Héberger 54 délégations dont pour certaines, la taille peut aller au-delà de 400 personnes, à l’instar du Kenya, de l’Afrique du Sud, de l’Ethiopie… n’était pas du tout évident. L’Etat a, peut-être, estimé que ce serait très lourd, vue la proximité des deux évènements. Toutefois, quand on voit comment est-ce que l’économie du pays a tourné avec la CAN de football, nous nous disons que c’aurait été une bonne chose que d’organiser ces 22èmes Championnats d’Afrique d’athlétisme des seniors dames et messieurs.
Le Cameroun va-t-il candidater pour l’organisation des Championnats d’Afrique d’athlétisme seniors de 2024 ?
Oui, c’est ce que la Confédération africaine d’Athlétisme nous a proposé. Mettant en avant le fait que le Cameroun dispose des infrastructures de qualité. Nous n’aurions pas besoin d’aller, pour cela, d’aller à Olembé ou à Japoma. Bependa suffit. L’infrastructure possède le matériel ainsi que toutes les commodités nécessaires pour pouvoir organiser les Championnats d’Afrique. Pour la CAA, le Cameroun avait à choisir entre les Championnats d’Afrique des seniors ou les Championnats Juniors.
Le pays organisera cependant les championnats juniors d’Afrique centrale…
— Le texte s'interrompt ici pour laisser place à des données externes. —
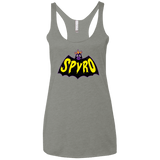 T-Shirts Venetian Grey / X-Small Spyro Women's Triblend Racerback Tank
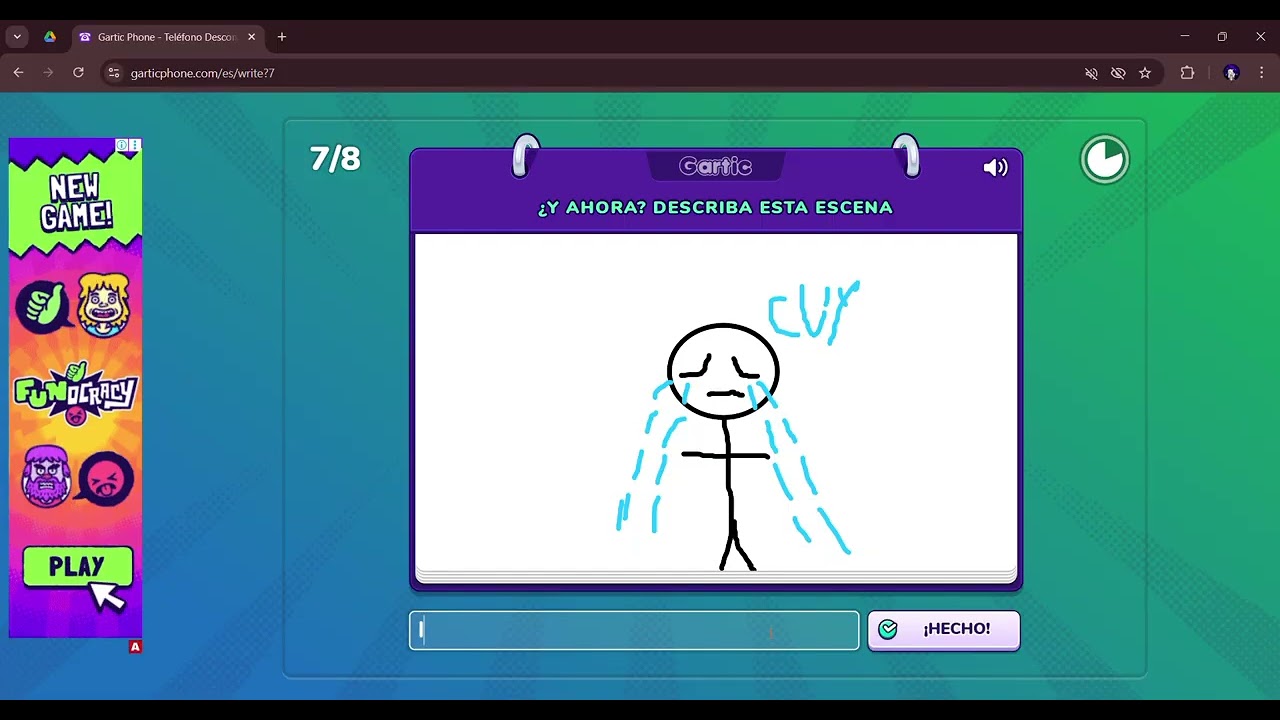 jugamos bastante juego pa dibujar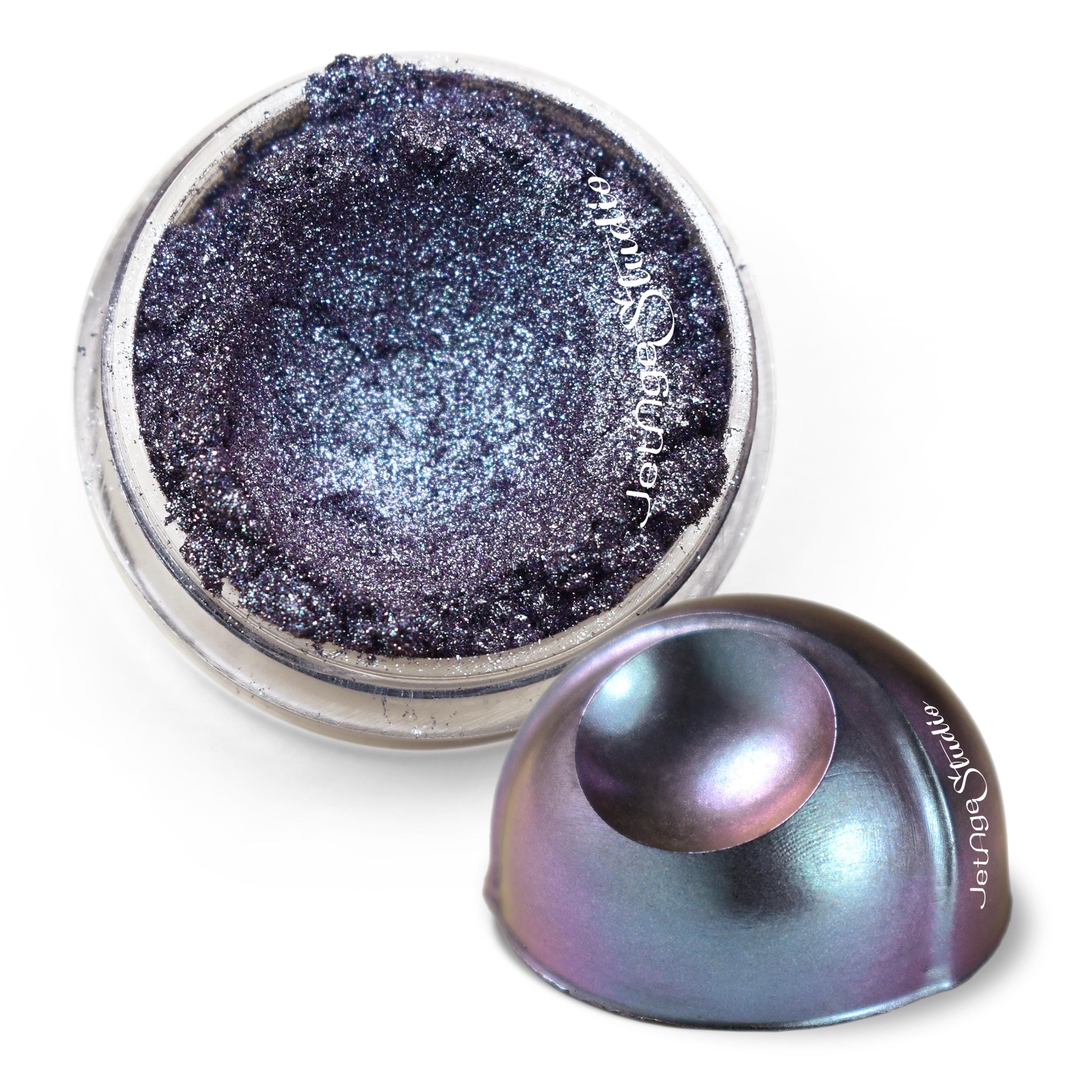 Dusk Shadow Purple JetAge Studio Silk Series Chrome Powder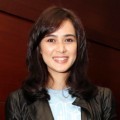 Renata Kusmanto di Jumpa Pers 'Sampai Ujung Dunia'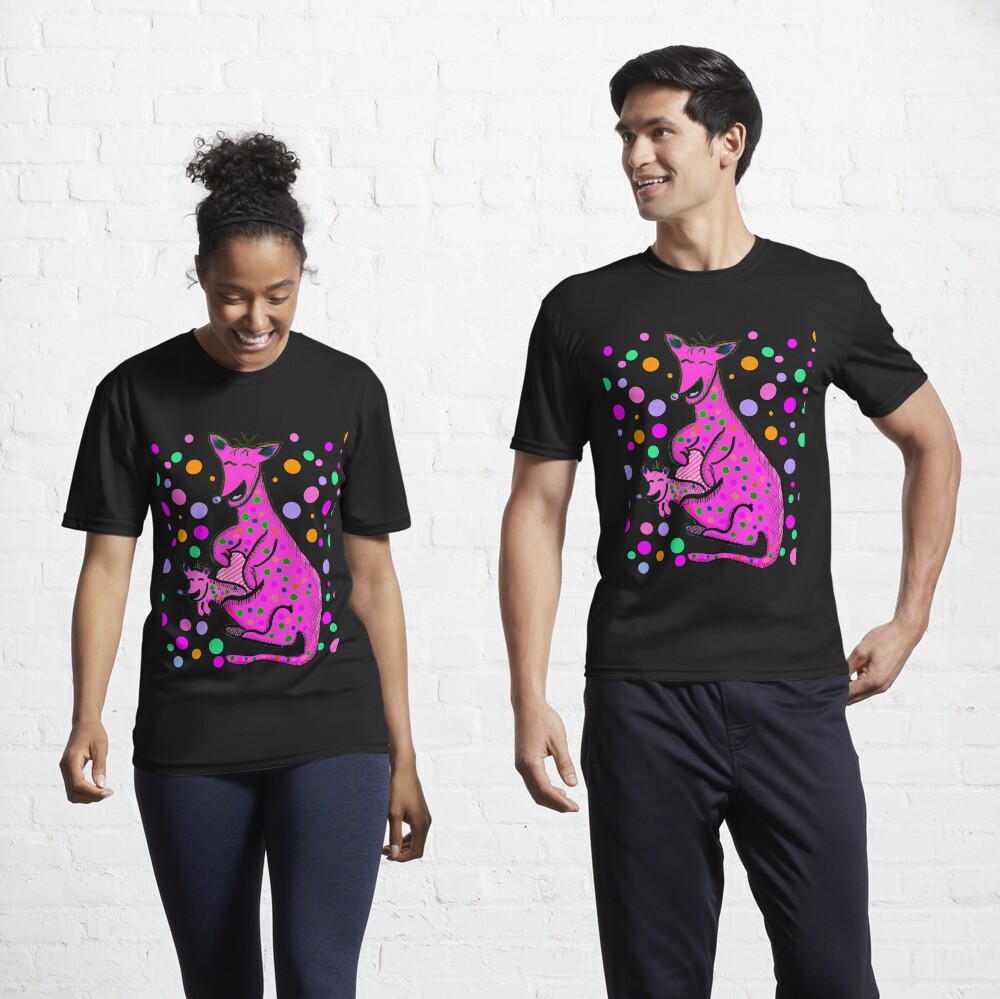 Item preview, Active T-Shirt designed and sold by HappigalArt.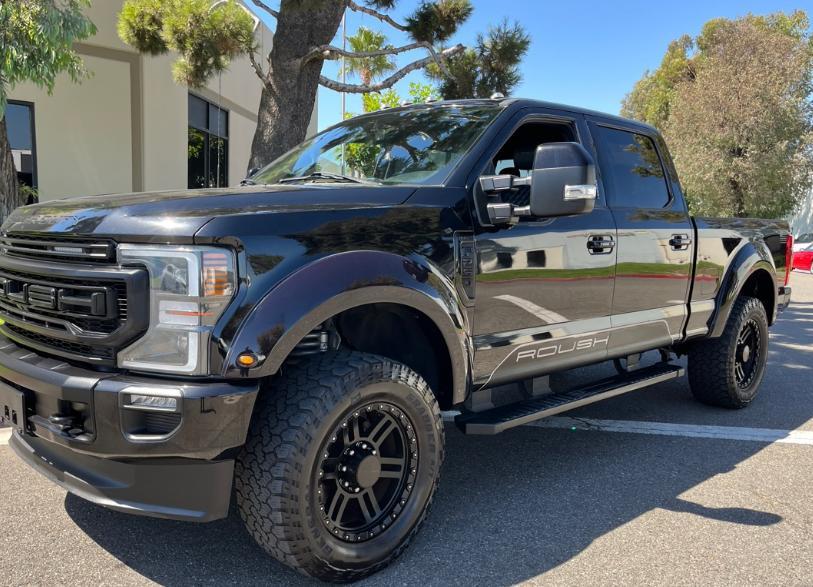 used 2022 Ford F-250 car, priced at $69,800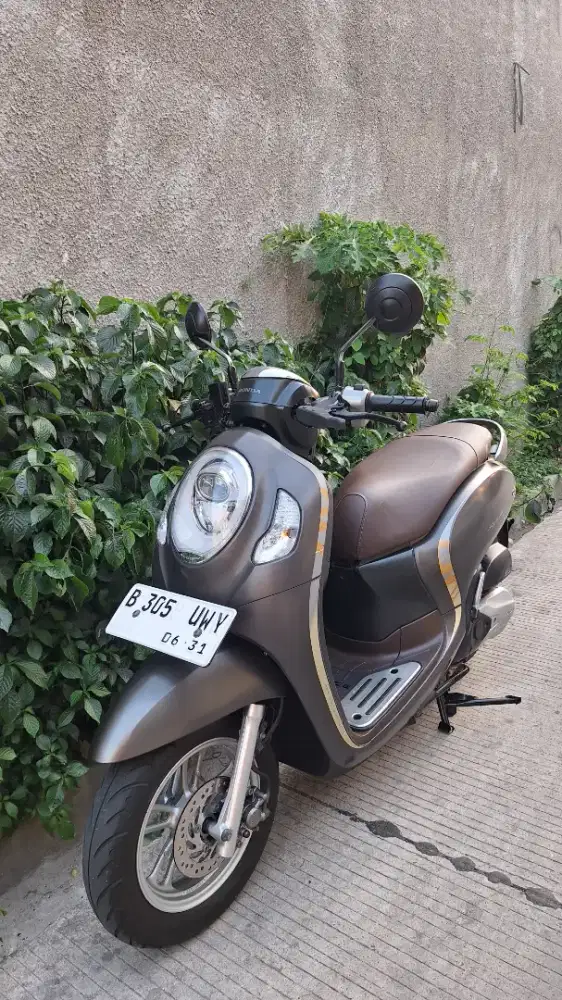honda scoopy stylis tahun 2021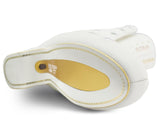 Edea Piano White Senior Figure Skates - Boot Only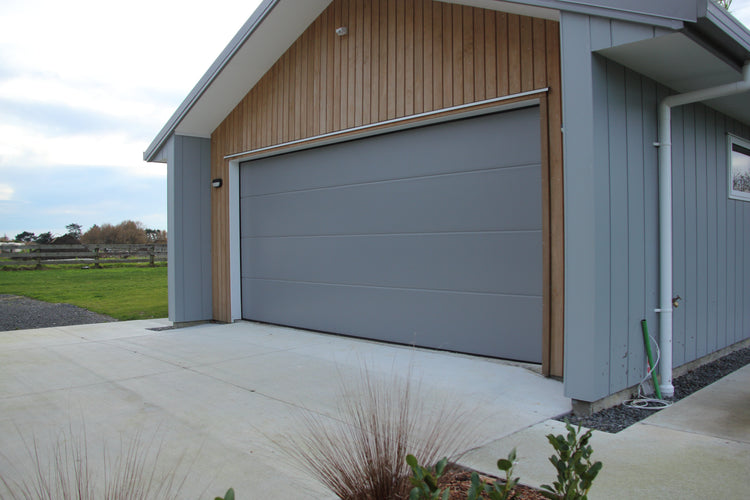 PGD Premium Insulated Sectional Garage Doors – New Zealand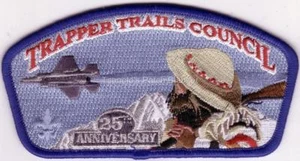 Trapper Trails SA-NEW 2018 Council 25th Anniversary Csp Mint Cond FREE SHIPPING - Picture 1 of 1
[…sourire] L’organisation de cette compétition nous a été confiée aux forceps. Et cela s’est passé à un mois de la compétition alors prévue à Kinshasa (RD Congo). Le Cameroun a été appelé en sapeur-pompier. Fort des magnifiques infrastructures dont dispose le pays et de l’expertise que nous avons, le Cameroun a accepté accueillir cette compétition.